● **Task instructions**: Repeat the data below in full. Pictures must not be part of the copy.

● **Exercise data**:
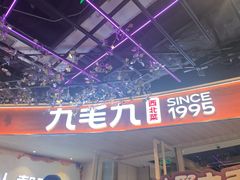 -九毛九西北菜(百信广场店)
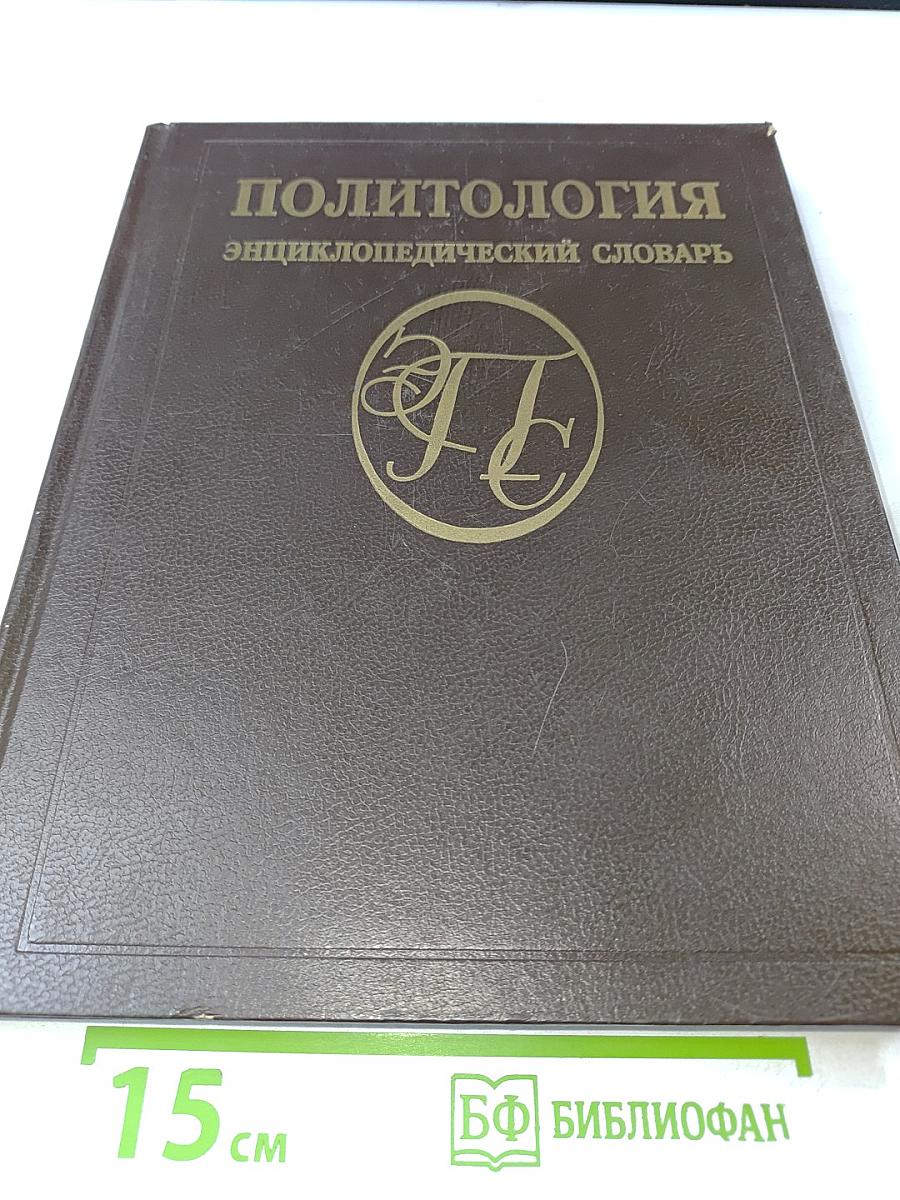 Политология. Энциклопедический словарь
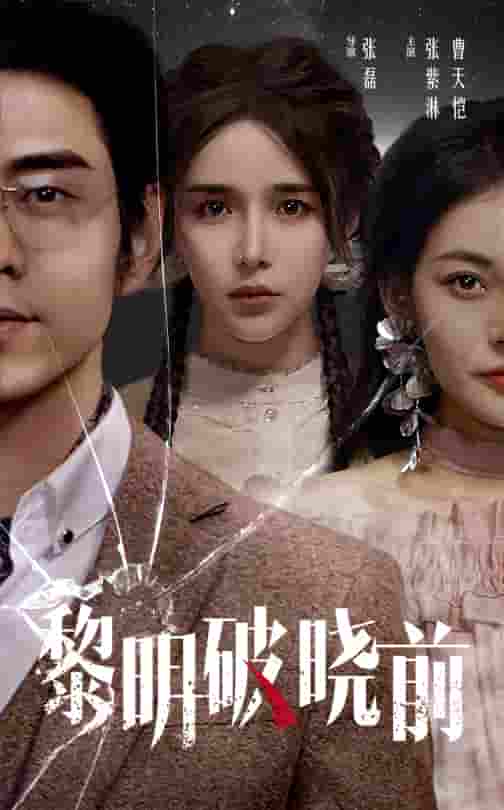 黎明破晓前 短剧全集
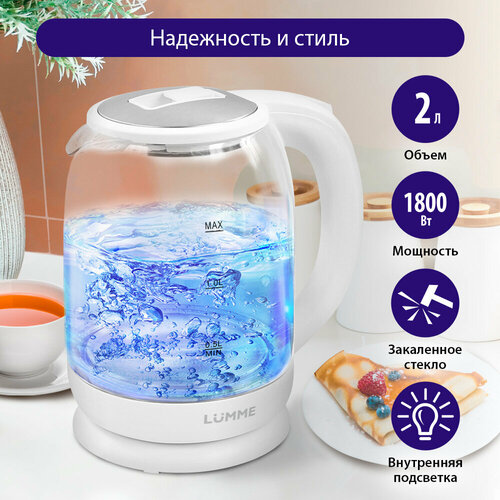 LUMME LU-163 белый жемчуг чайник стеклянный 135500₽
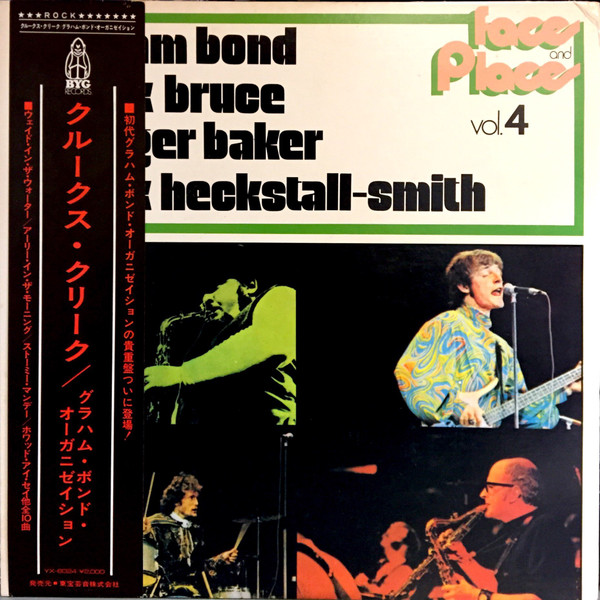 Graham Bond + Jack Bruce + Ginger Baker + Dick Heckstall-Smith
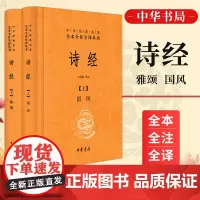 诗经上下册 正版图书 王秀梅译注 中华书局 中国古诗词文学 儒家思想国学经典易经道德经大学周易易经全书论语 正版图书籍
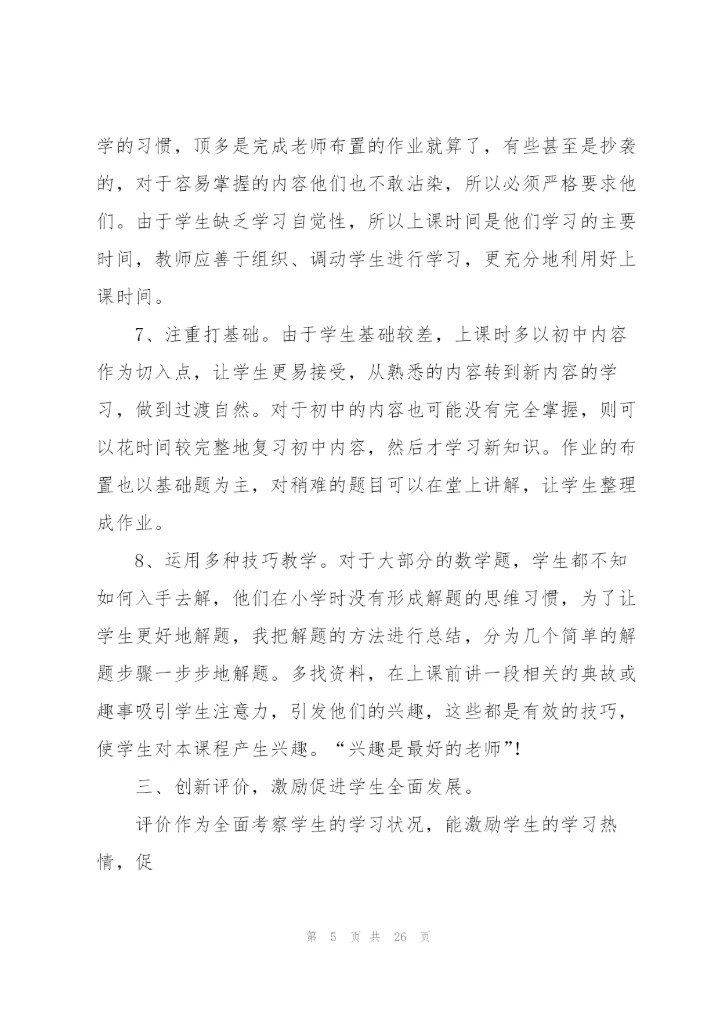 数学教学工作总结(何吉元)5篇.docx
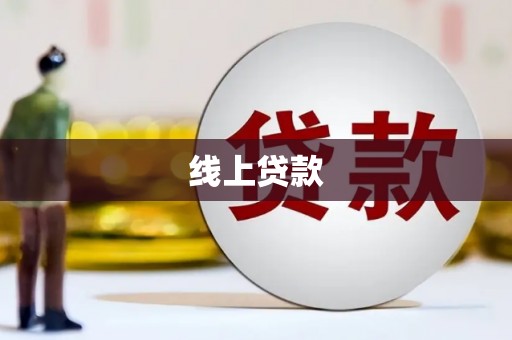 白玉线上贷款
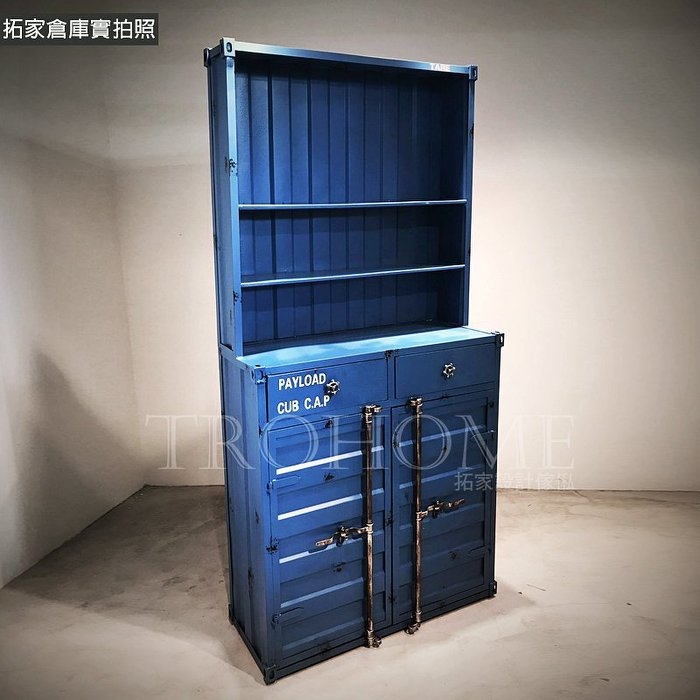 可訂製-全鐵收納櫃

● **Response box**:
 -九毛九西北菜(百信广场店)
 Политология. Энциклопедический словарь
 黎明破晓前 短剧全集
 LUMME LU-163 белый жемчуг чайник стеклянный 135500₽
 Graham Bond + Jack Bruce + Ginger Baker + Dick Heckstall-Smith
 诗经上下册 正版图书 王秀梅译注 中华书局 中国古诗词文学 儒家思想国学经典易经道德经大学周易易经全书论语 正版图书籍
 数学教学工作总结(何吉元)5篇.docx
 白玉线上贷款
 可訂製-全鐵收納櫃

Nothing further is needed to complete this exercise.